→ GIVEN RECORDS:
══════════════════════════════
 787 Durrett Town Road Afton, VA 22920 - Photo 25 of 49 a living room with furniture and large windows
══════════════════════════════
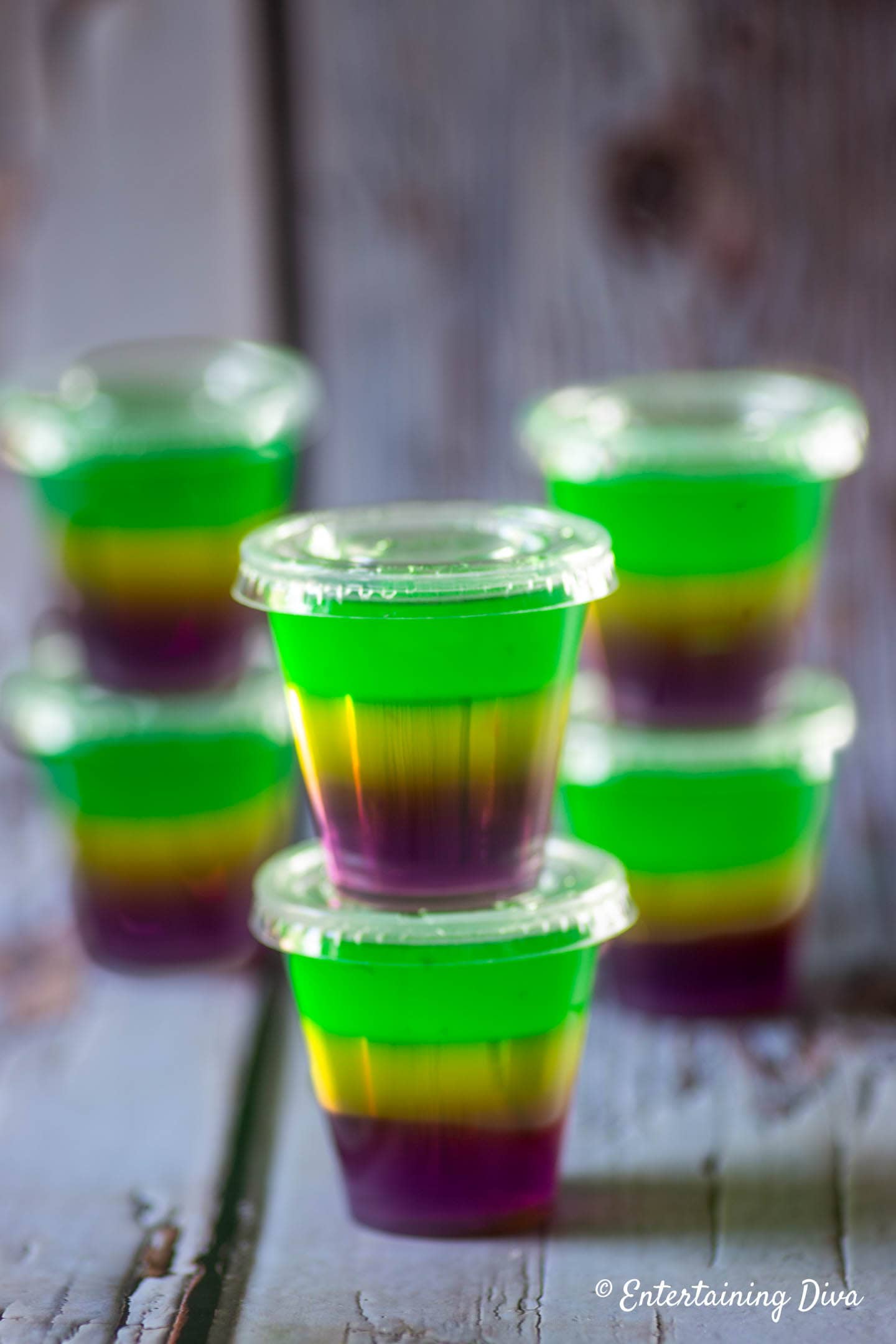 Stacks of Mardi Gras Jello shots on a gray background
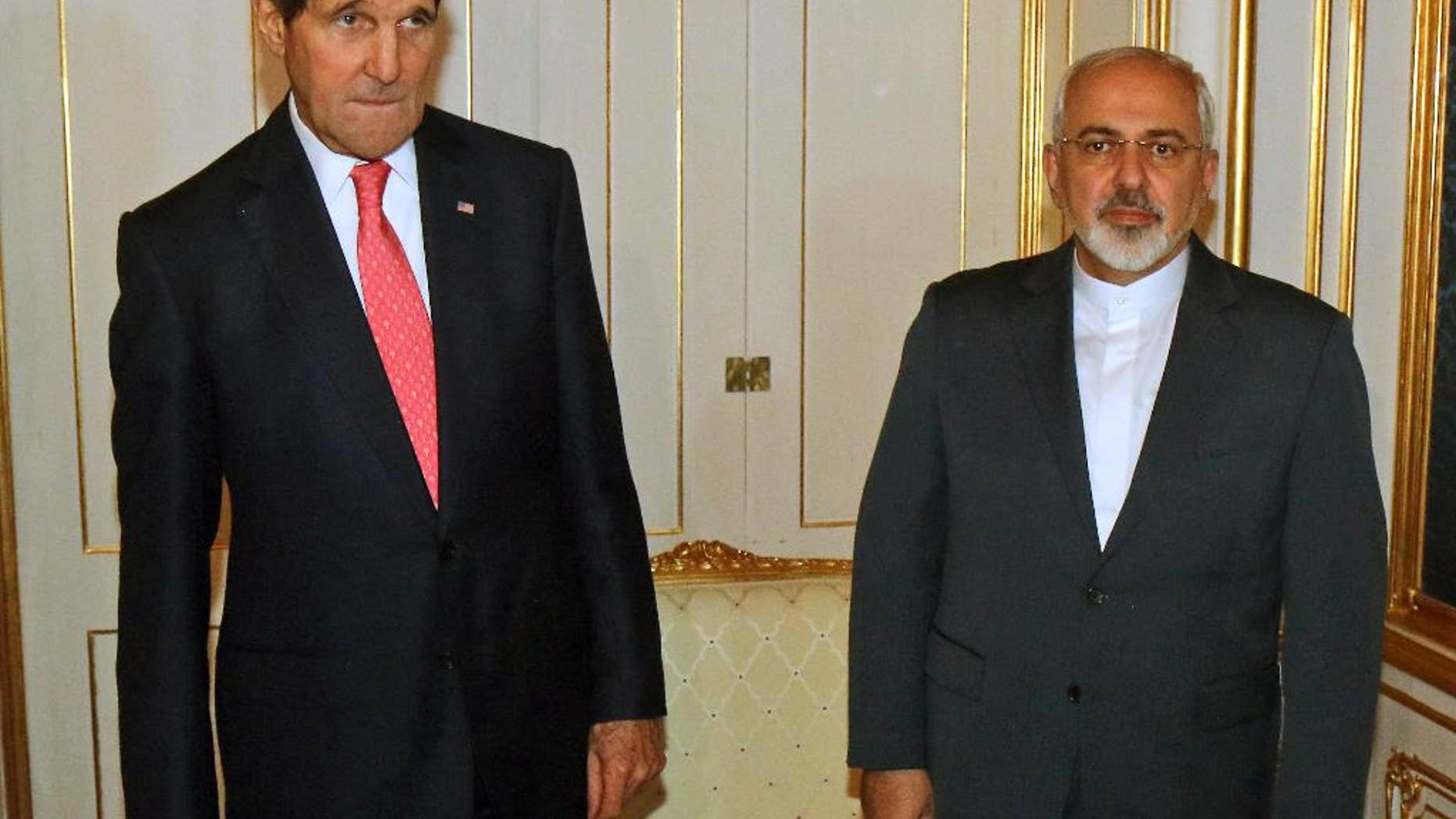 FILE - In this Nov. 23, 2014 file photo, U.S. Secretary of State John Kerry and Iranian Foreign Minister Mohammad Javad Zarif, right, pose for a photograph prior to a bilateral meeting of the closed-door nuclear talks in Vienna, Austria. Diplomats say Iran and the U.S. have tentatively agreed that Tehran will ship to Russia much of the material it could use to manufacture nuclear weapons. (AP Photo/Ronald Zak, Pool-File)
══════════════════════════════
→ TASK DIRECTIONS:
Start with the line above containing "Stacks of Mardi" and end with the line containing "FILE - In this". Set down that stretch exactly, without any pictures.

→ SOLUTION TO THIS PROBLEM:
 Stacks of Mardi Gras Jello shots on a gray background
 FILE - In this Nov. 23, 2014 file photo, U.S. Secretary of State John Kerry and Iranian Foreign Minister Mohammad Javad Zarif, right, pose for a photograph prior to a bilateral meeting of the closed-door nuclear talks in Vienna, Austria. Diplomats say Iran and the U.S. have tentatively agreed that Tehran will ship to Russia much of the material it could use to manufacture nuclear weapons. (AP Photo/Ronald Zak, Pool-File)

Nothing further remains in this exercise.